▼▼▼
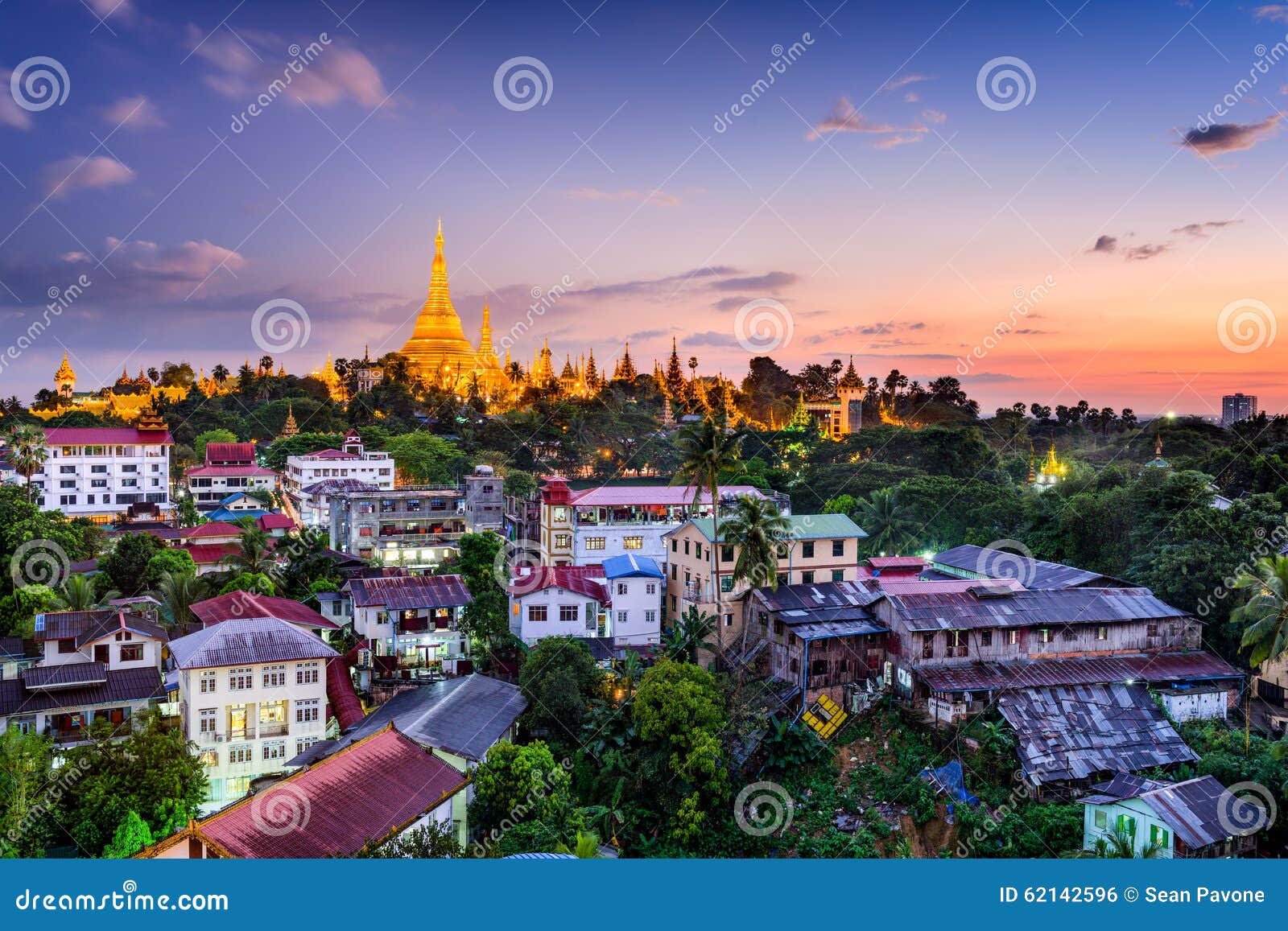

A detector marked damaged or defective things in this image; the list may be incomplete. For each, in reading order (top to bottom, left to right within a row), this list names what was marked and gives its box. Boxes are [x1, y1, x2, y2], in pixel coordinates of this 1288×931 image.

rusty metal roof [886, 589, 1185, 633]
rusty metal roof [917, 651, 1236, 695]
rusty metal roof [994, 685, 1195, 788]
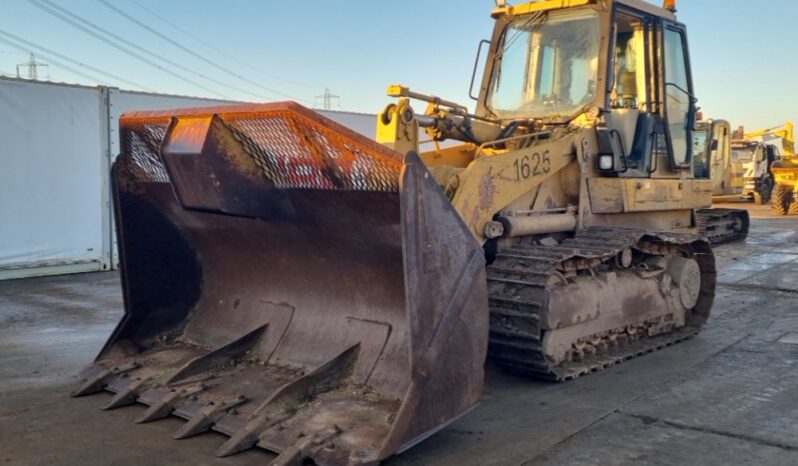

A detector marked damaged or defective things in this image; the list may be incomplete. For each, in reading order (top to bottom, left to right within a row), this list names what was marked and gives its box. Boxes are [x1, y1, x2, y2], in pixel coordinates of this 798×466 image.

rusty bucket [73, 103, 488, 466]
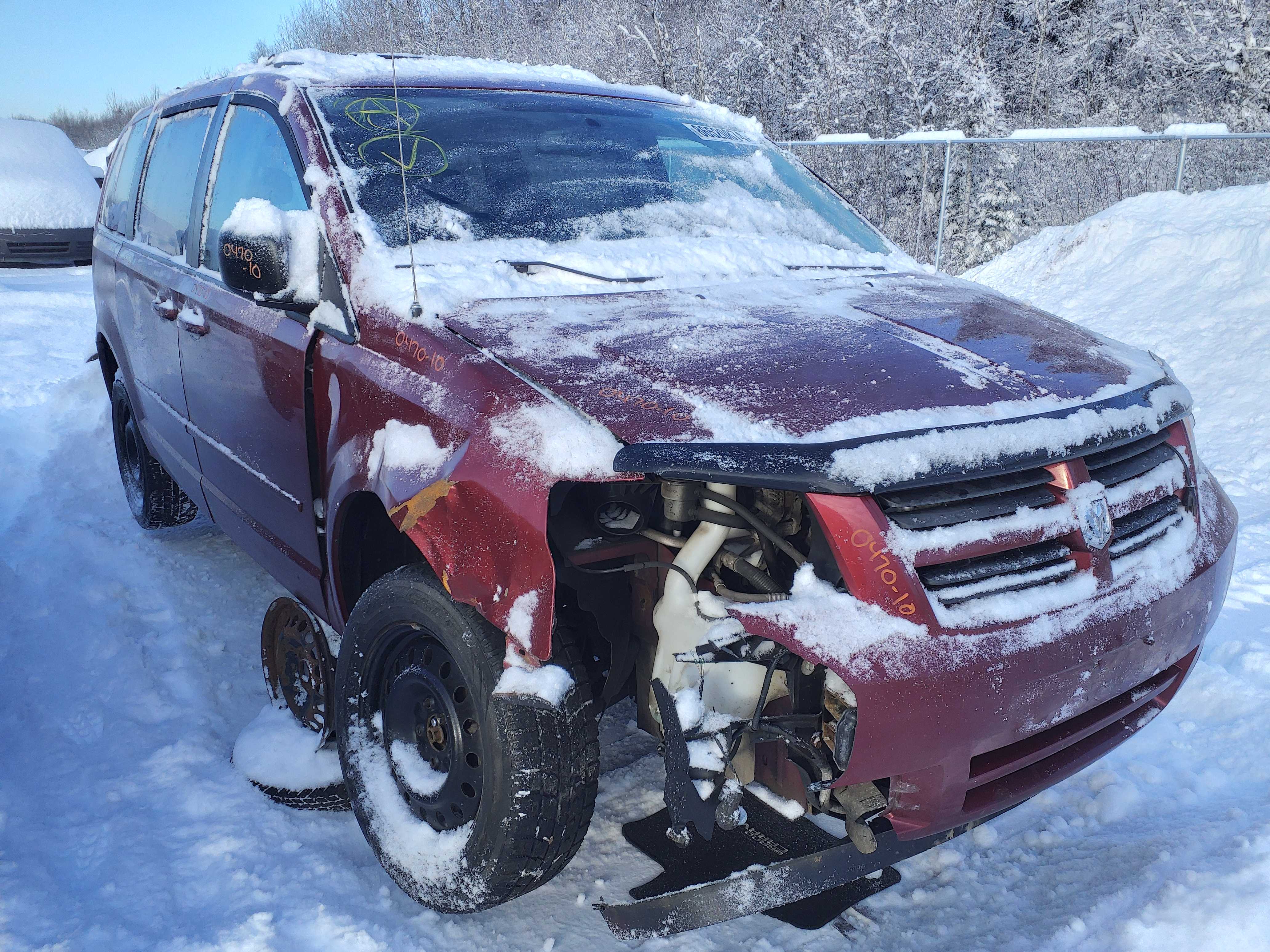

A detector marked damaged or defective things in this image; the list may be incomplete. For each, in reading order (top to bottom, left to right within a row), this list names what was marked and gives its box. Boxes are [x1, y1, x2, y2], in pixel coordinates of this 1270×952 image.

detached bumper piece [599, 792, 985, 944]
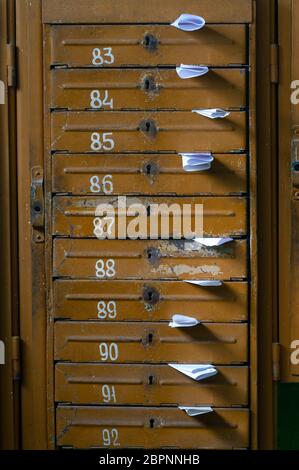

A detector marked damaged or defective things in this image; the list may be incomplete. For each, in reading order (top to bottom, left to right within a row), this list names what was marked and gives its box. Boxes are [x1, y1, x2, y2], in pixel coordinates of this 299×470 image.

rusty metal panel [42, 0, 253, 24]
rusty metal panel [48, 25, 246, 68]
rusty metal panel [52, 68, 248, 110]
rusty metal panel [51, 111, 247, 153]
rusty metal panel [52, 153, 248, 196]
rusty metal panel [53, 196, 248, 237]
rusty metal panel [52, 239, 248, 280]
rusty metal panel [53, 280, 248, 322]
rusty metal panel [54, 320, 248, 364]
rusty metal panel [55, 364, 250, 408]
rusty metal panel [55, 406, 248, 450]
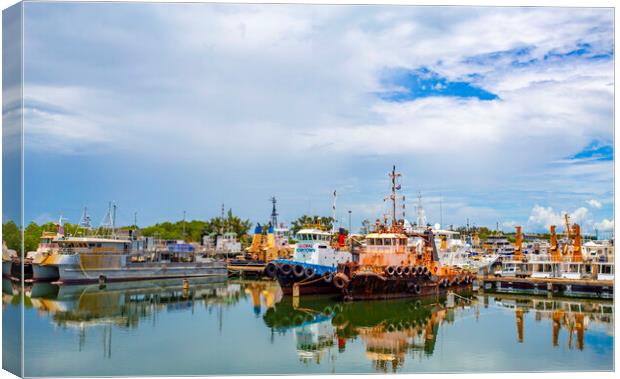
▲▲▲
Before handing back the copy, remove the pictures; otherwise print the data exactly.

A detector marked damaged or defective things in this image; the list may be incomplete. For each, in reading order (top to bottom, left to right within a row), this list names what was marked and gives its box. Boxes are [x1, y1, x2, y2], in pixel coordinates of this 1288×931 image.

rusty metal roof [886, 589, 1185, 633]
rusty metal roof [917, 651, 1236, 695]
rusty metal roof [994, 685, 1195, 788]

A detector marked damaged or defective things in this image; the list may be incomplete. For each, in reading order (top to bottom, left to right within a row), this list names what was marked and gives its box. Boxes are [x1, y1, x2, y2], in pixel coordinates of this 798×466 image.

rusty bucket [73, 103, 488, 466]

A detector marked damaged or defective things in this image; the list may be incomplete. For each, in reading order (top to bottom, left to right within a row), this list names what was marked and gives its box. Boxes are [x1, y1, x2, y2], in pixel coordinates of this 1270×952 image.

detached bumper piece [599, 792, 985, 944]

A detector marked damaged or defective things in this image; the list may be incomplete. For each, in reading order (top to bottom, left to right within a row), this list names what was marked and gives its box. Boxes are [x1, y1, x2, y2], in pixel coordinates of this 299×470 image.

rusty metal panel [42, 0, 253, 24]
rusty metal panel [48, 25, 246, 68]
rusty metal panel [52, 68, 248, 110]
rusty metal panel [51, 111, 247, 153]
rusty metal panel [52, 153, 248, 196]
rusty metal panel [53, 196, 248, 237]
rusty metal panel [52, 239, 248, 280]
rusty metal panel [53, 280, 248, 322]
rusty metal panel [54, 320, 248, 364]
rusty metal panel [55, 364, 250, 408]
rusty metal panel [55, 406, 248, 450]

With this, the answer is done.